Call of the Sea propone una visione lovecraftiana profondamente differente da quella canonica a cui si è tanto abituati, ed è il suo più grande punto di forza.
Fin dove puoi spingerti per amore? Una domanda che, nel bene o nel male, prima o dopo ci si arriva a porre nella propria vita. La risposta è ben più difficile da formulare di quanto si possa credere ma, qualunque essa sia, rappresenta senza alcun dubbio un punto di svolta importantissimo nella propria esistenza, che si tratti di un nuovo inizio, della fine o semplicemente di un momento di crescita.
Stupisce vedere indagato proprio questo tema all’interno di Call of the Sea, opera prima di Out of the Blue liberamente ispirata all’opera letteraria di H. P. Lovecraft.
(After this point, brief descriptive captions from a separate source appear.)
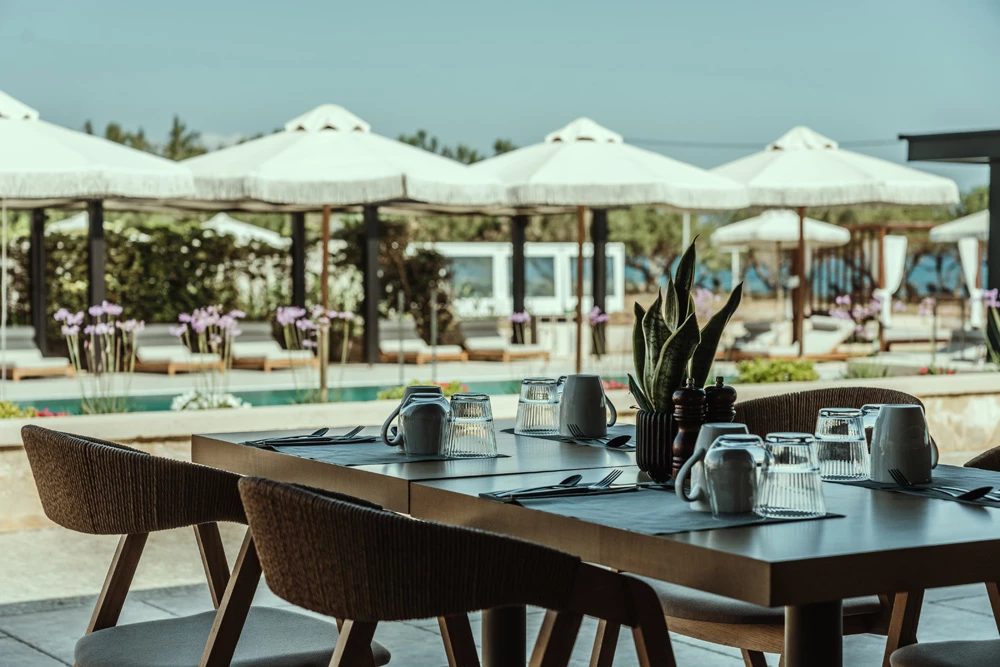 Hotel Asterion Beach Hotel & Suite i Crete, Greece - Billede 21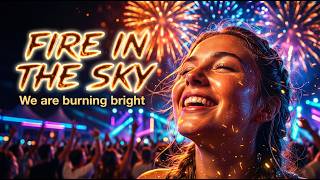 🔥 DJ BANDITA – Fire in the Sky | FESTIVAL ANTHEM 2026 🎆🔥 BIG ROOM DROP 🎶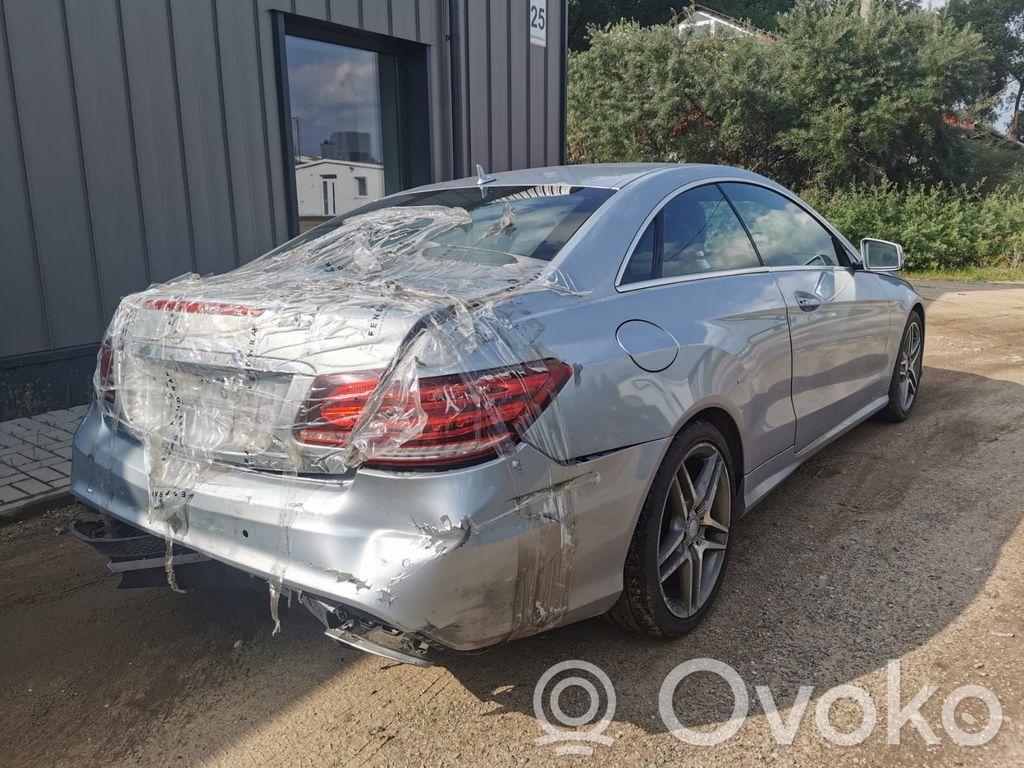 E C207 W207 E-class, AMG (W124, W210, W211, W212, W213, C207, W238)  A2049057501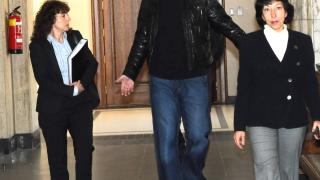ВАС отказа да брои отново референдума на Слави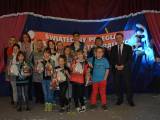 Świąteczny Przegląd Małych Form Teatralnych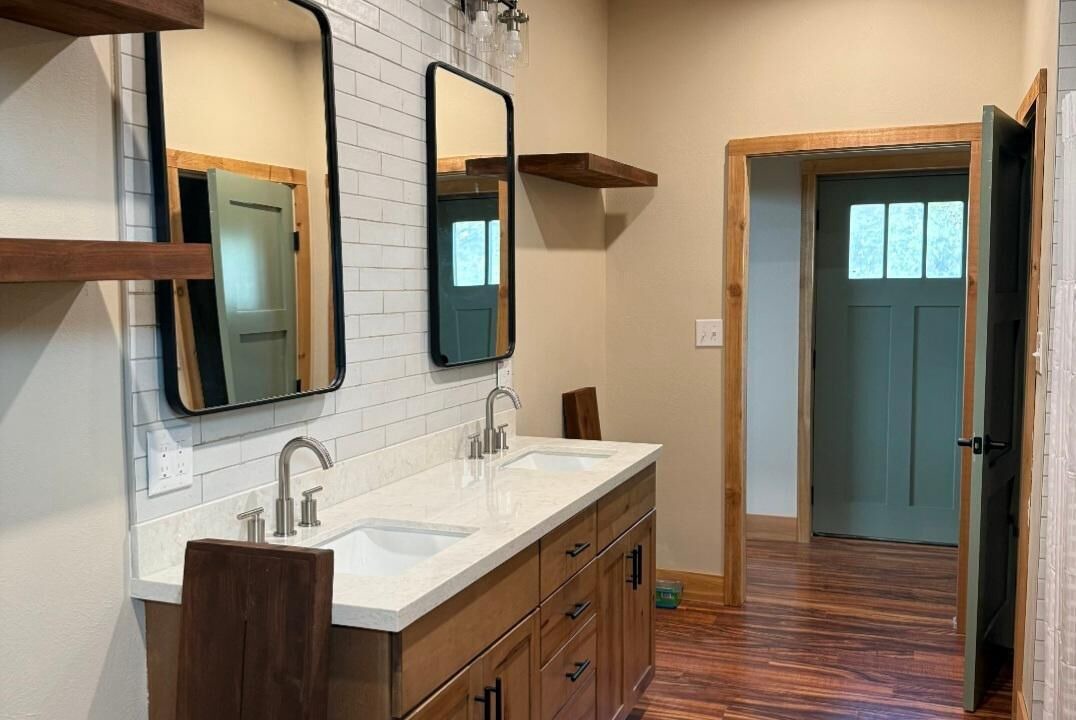 Photo of Bathroom in Llano
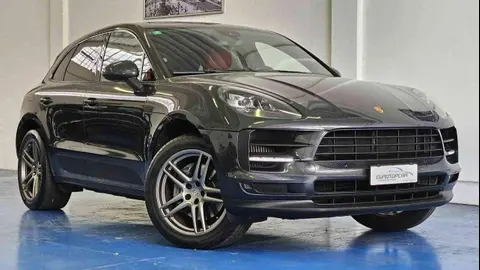 Used PORSCHE MACAN Petrol 2020 Ad 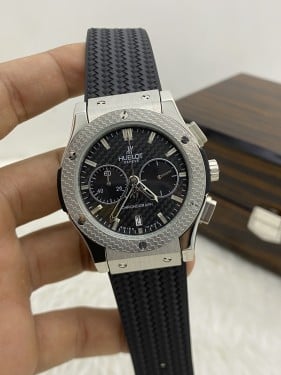 ساعة هوبلت كرونغراف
Stupisce perché non è un tema piuttosto comune nell’ecosistema artistico che ruota attorno al mondo creato dal padre della “weird fiction”. Ci si stupisce perché il mondo pop non è solito soffermarsi su aspetti differenti dell’immaginario lovecraftiano che non siano la discesa nella follia e l’impotenza dell’umanità di fronte all’inspiegabile e il grottesco.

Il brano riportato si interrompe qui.